Thursday, March 3, 2011

Paying to borrow your own money - refund anticipation loans

COLUMBIA, Mo. – The ball at Times Square had barely touched bottom before the ads for tax-refund loans began broadcasting across the country.

A refund anticipation loan (RAL) is a short-term consumer loan secured by the borrower’s expected tax refund. Some tax preparers may advertise RALs as “instant refunds.” This is both misleading and illegal, said Brenda Procter, consumer and family economics specialist for University of Missouri Extension.

Consumers are not getting their tax refund, she said. They’re taking out a high-interest loan.

While you may be tempted to pay the lending fees to get your refund right away, Procter says a little patience can save you a lot of money.

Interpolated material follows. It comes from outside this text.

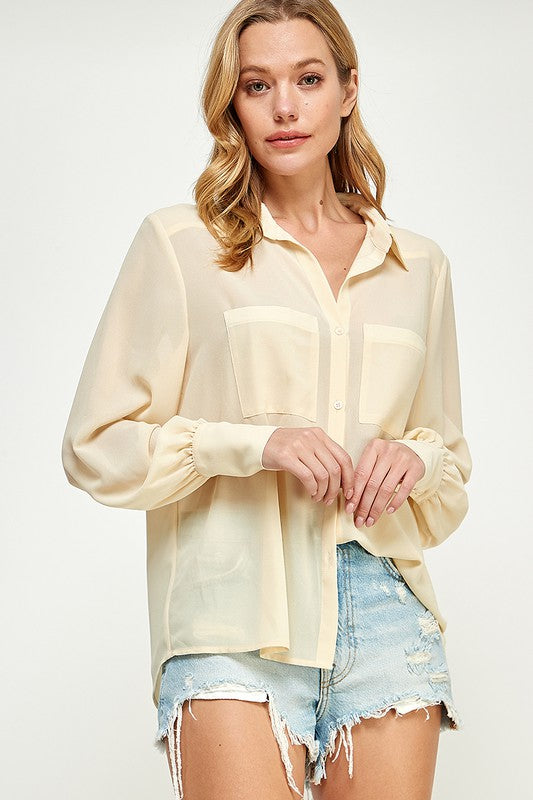 Here & Now Blouse- Pearl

“A lot of taxpayers don’t realize that if they file their income tax electronically and arrange to have their refund deposited directly into a checking account, they will likely have their refund in a week to 10 days anyway,” she says.

Borrowing your own money comes at a steep price. Interest rates for RALs are very high, and there are often other fees as well. Based on data on from the National Society of Accountants and the National Consumer Law Center, a $500 RAL could cost $125 once you add up interest, fees and other charges.

These high-priced loans are risky too. If the refund turns out to be less than the loan, the taxpayer will have to pay the difference, Procter said.

Unfortunately, the people most likely to use these types of loans are those who can least afford them, she said. “For folks who really need that money for all kinds of things like paying bills or getting necessities that they haven’t been able to afford, that’s a lot of money.”

Fortunately, there are better options for low-income taxpayers. The Volunteer Income Tax Assistance (VITA) program helps low- and moderate-income taxpayers at no cost. VITA tax preparers will file electronically, so taxpayers will receive their refund quickly—and they get to keep all of it.